Virginia Attorney General Ken Cuccinelli said tonight that he is fairly confident that the Supreme Court will declare the ObamaCare individual mandate unconstitutional but that he cannot predict whether the Court will allow the rest of the ObamaCare law to survive.

In an exclusive interview with Bearing Drift, Cuccinelli discussed the current three-day hearing that began yesterday in the U.S. Supreme Court on the constitutionality of ObamaCare.

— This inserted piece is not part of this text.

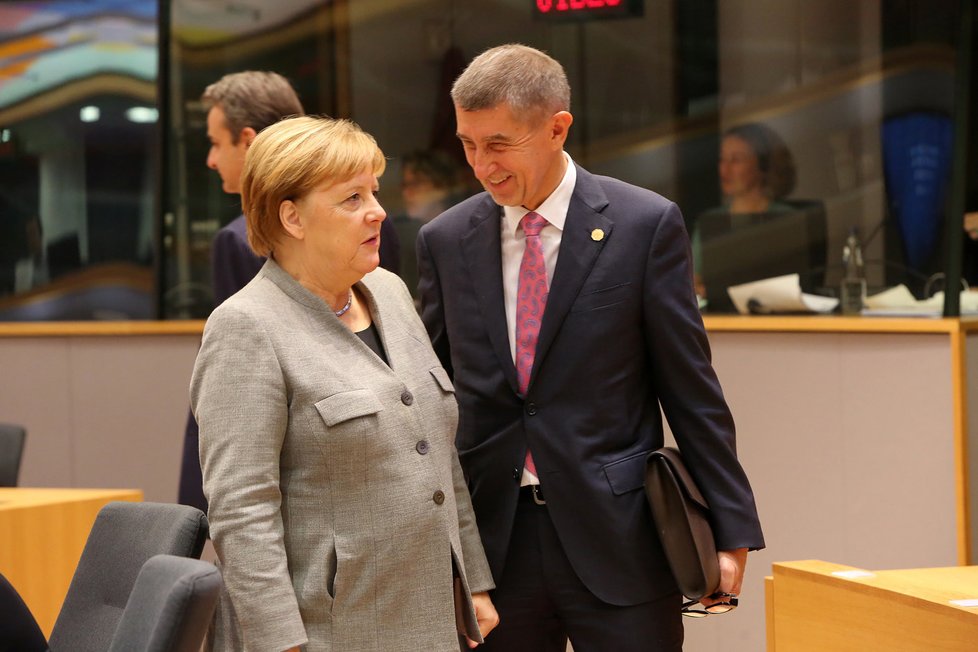 Andrej Babiš (ANO) a Angela Merkelová na summitu EU v Bruselu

Monday’s hearing focused on whether a penalty in the ObamaCare law for failing to purchase health insurance is a “tax.”  If so, the case would have to be dismissed under a 19th century law prohibiting challenges to tax laws until a person actually fails to pay the tax.  (The ObamaCare penalties don’t kick in until 2014.)  The Obama administration argued that the penalties are a tax for purposes of that law but are otherwise not a tax.  (Obama and his administration denied that the penalties were a tax when the bill was pending in Congress.)  Cuccinelli pointed out that even liberal stalwart Justice Ruth Bader Ginsberg made clear that she does not consider the penalty to be a tax.  Cuccinelli said that he expects the Court to find that the penalty is not a tax and to rule that the 19th century law does not apply.

Today, the Supreme Court heard argument on the most controversial aspect of the ObamaCare law, the individual mandate requiring virtually all Americans to purchase health insurance or be forced to pay the aforesaid financial penalties.  Conventional wisdom has been that the four Democrat-appointed justices, Ginsberg, Stephen Breyer, Sonia Sotomayor, and Elena Kagan, will find the individual mandate to be constitutional.  Most observers believe Republican appointees Clarence Thomas and Samuel Alito will find the provision to be unconstitutional, while various observers find some or all of the remaining three Republican appointees, Antonin Scalia, Anthony Kennedy, and Chief Justice John Roberts, to be possible “swing” votes in favor of the constitutionality of the individual mandate.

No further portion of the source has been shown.